YOUR INSTRUCTIONS
Each line below should be repeated exactly as written, with no pictures carried over.

DATA SECTION
▼
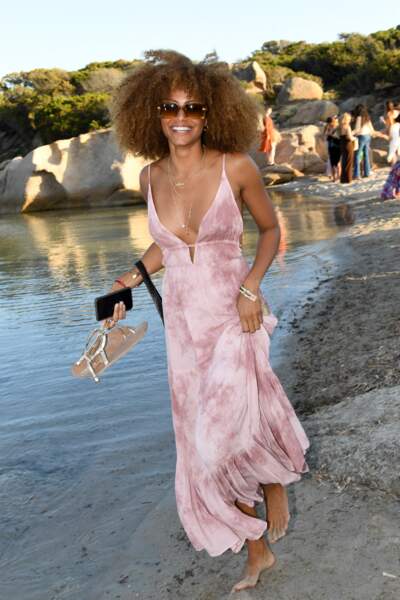 Alicia Aylies est sublime dans une robe tie and dye rose au défilé Croisière Etam, en Corse, le 12 mai 2022. 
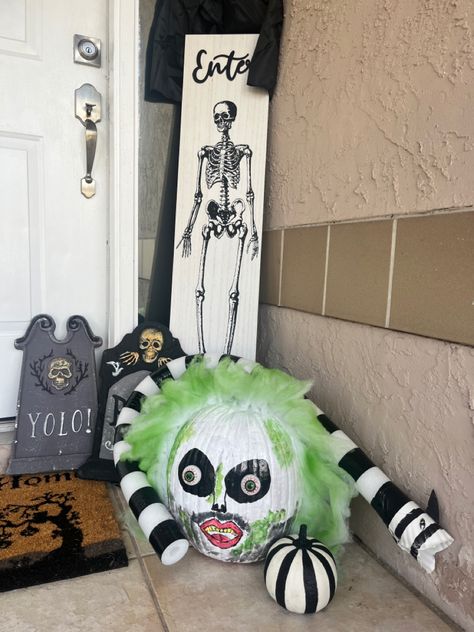 Pumpkin Ideas Beetlejuice, Beetlejuice Pumpkin Decorating Contest, Bettle Juice Pumpkin Painting, Beetlejuice No Carve Pumpkin, Painting Pumpkins Beetlejuice, Beatle Juice Pumpkin, Beetle Juice Pumpkin Painting Ideas, Beatle Juice Pumpkin Painting Ideas, Bettle Juice Pumpkin Ideas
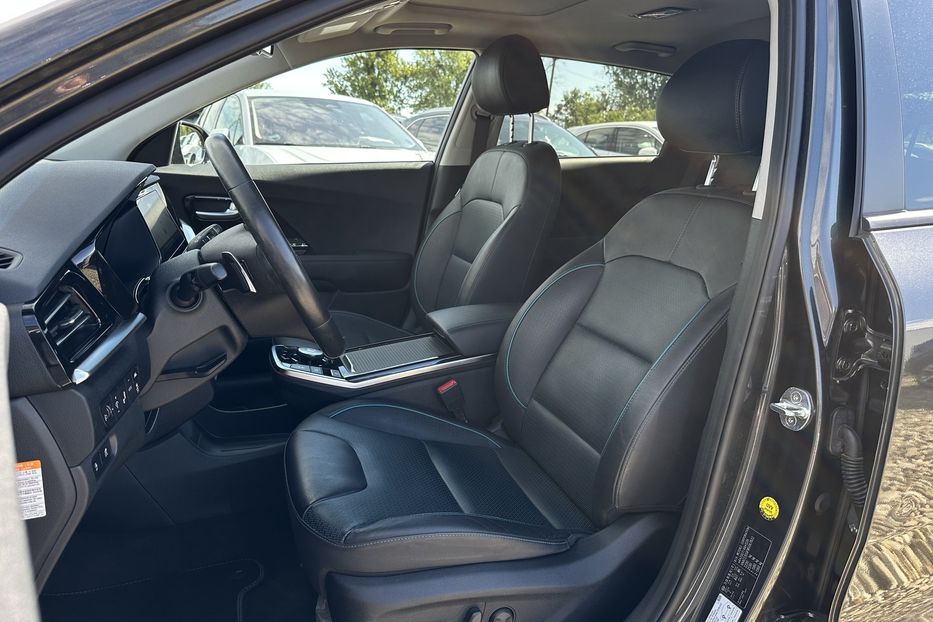 Продам Kia Niro 64 kWh Макс. комплектація Люк. 2021 года в Львове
▲
RESULT
 Alicia Aylies est sublime dans une robe tie and dye rose au défilé Croisière Etam, en Corse, le 12 mai 2022. 
 Pumpkin Ideas Beetlejuice, Beetlejuice Pumpkin Decorating Contest, Bettle Juice Pumpkin Painting, Beetlejuice No Carve Pumpkin, Painting Pumpkins Beetlejuice, Beatle Juice Pumpkin, Beetle Juice Pumpkin Painting Ideas, Beatle Juice Pumpkin Painting Ideas, Bettle Juice Pumpkin Ideas
 Продам Kia Niro 64 kWh Макс. комплектація Люк. 2021 года в Львове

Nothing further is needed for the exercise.